I also was thinking about Longleaf Pines, the huge pines that once dominated much of Georgia. Longleaf forests require fires: the mature trees survive the fires, and the seeds germinate only in fire-scorched soil.
But also though about global warming. I’ve been concerned about the greenhouse effect since I first read about it while preparing a sixth-grade science project, long before it was a popular topic of conversation.
In fact I think we – by “we” I mean our human “civilization” in the form it now exists – are screwed. The climate is destabilizing and at some point it will snap. The system will got out of control, and many bad things will happen before it reaches some new equilibrium – and it will reach that equilibrium, but by then the world will be a very different one in which humans have lived through our recorded history (an eyeblink in geological time.)
The disaster is upon us and I doubt that anything our great nation-states and corporations and leaders can do will stop it happening.
And maybe that means humans will get another chance, to start over again and maybe not screw up so bad.
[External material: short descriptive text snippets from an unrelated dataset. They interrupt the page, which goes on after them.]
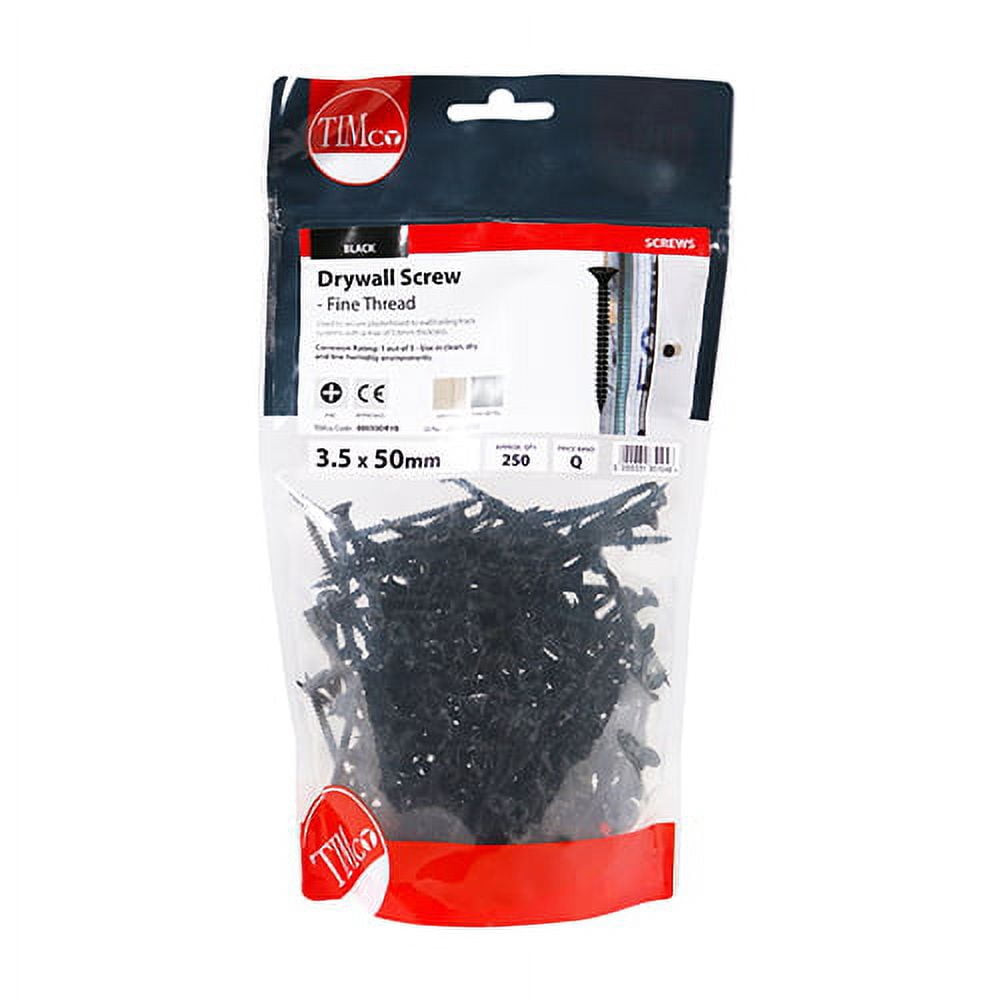 Timco - Drywall Screws - Fine Thread - PH - Bugle - Black (Size 3.5 x 50 - 250 Pieces)
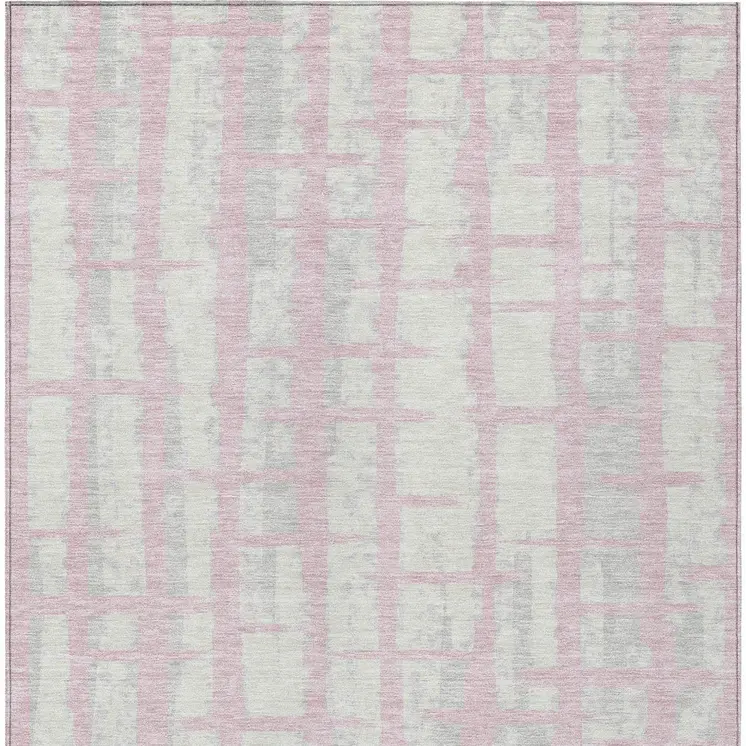 9' X 12' Pink Gray And Ivory Striped Washable Indoor Outdoor Area Rug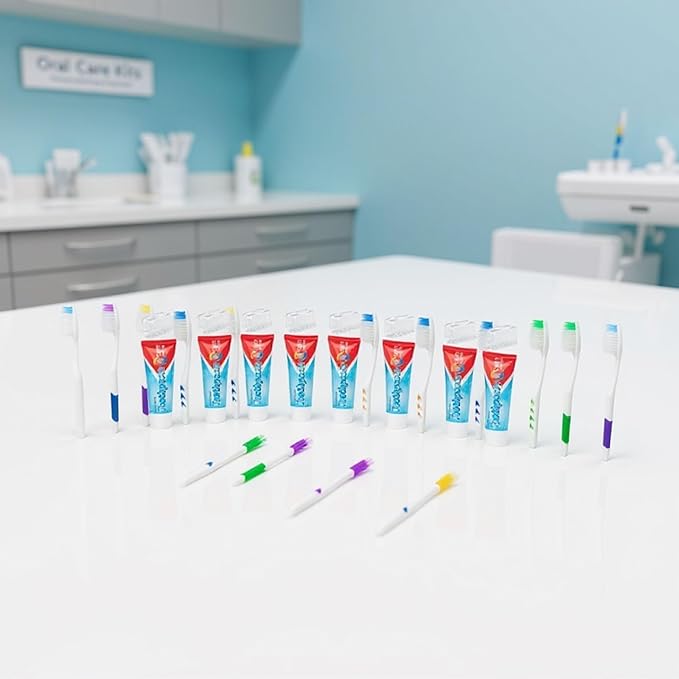 100 Bulk Toothbrushes Individually Wrapped with Toothpaste, Covers, Picks | Soft Disposable Toothbrushes with Toothpaste Built in Individually Wrapped Oral Hygiene Kits for Travel, Homeless Bulk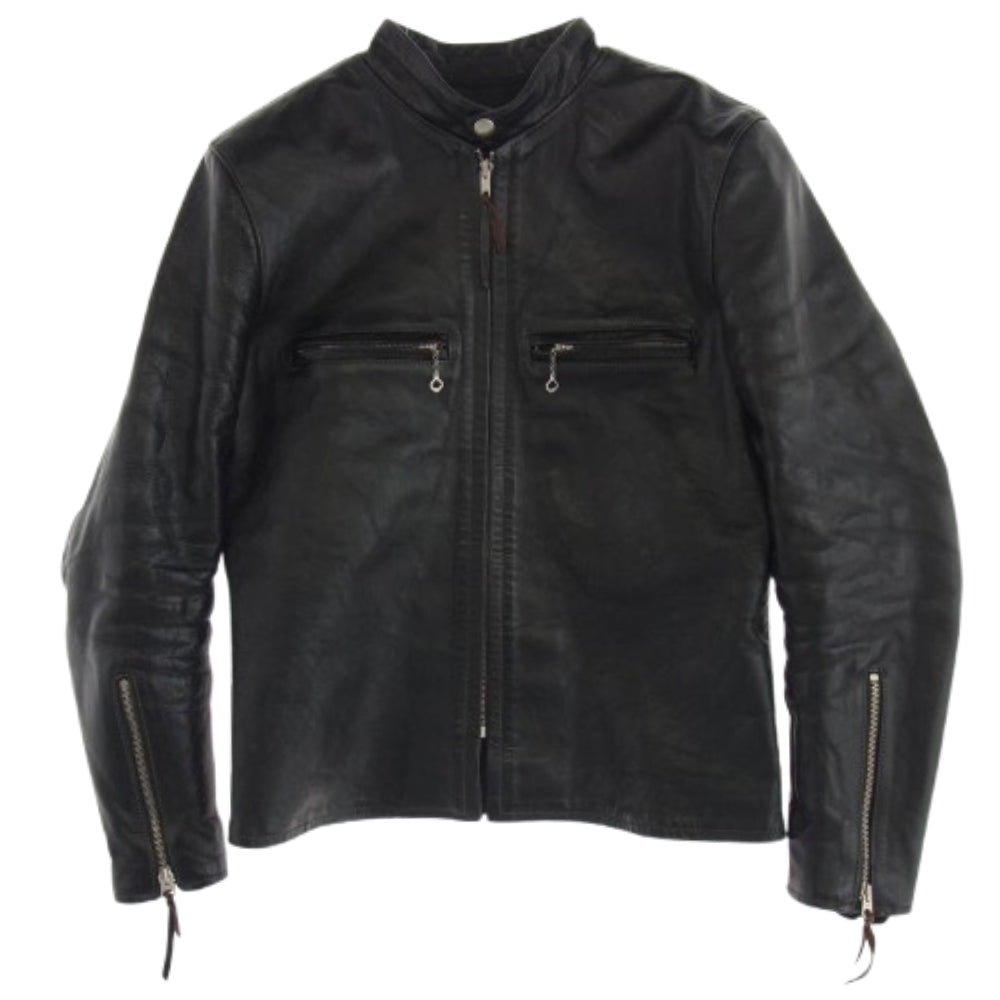 The REAL McCOY'S ザリアルマッコイズ BJ19110 BUCO ブコ J-100 JACKET ホースハイド レザー シングル ライダース ジャケット ブラック系 36【中古】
Which is the other thought behind the poem; that the head of the sun is burning off our botched civilization.
I wrote some of this thought to BF&MUC, who has heard me say such things before. She replied: “I'm not fond of the thought if ‘starting over’" means lots of pain and/or mortality for many humans. If it means we have a chance to avert such suffering by changing ourselves a bit, that's ok -- of course I realize that we might all have differing ideas about how we need to change.”
She’s right, of course. I don’t hope for the disaster; I just think it’s inevitable. The point to hope for, work for, strive a way of salvaging something from the disaster.

Sunday, June 15, 2008

Lines for the Summer Solstice

High has he risen, radiant and Holy.
Call him Bel, Attis, Tammuz or Balder.
Beautiful and proud, his heart draws the shadow’s blow.
From his death-wound, let the Fire pour down.
Let the Sun’s heart-blood burn the Earth clean.
Let the buried seeds of old Magic be wakened.
Let the Sun’s sacrifice set us free.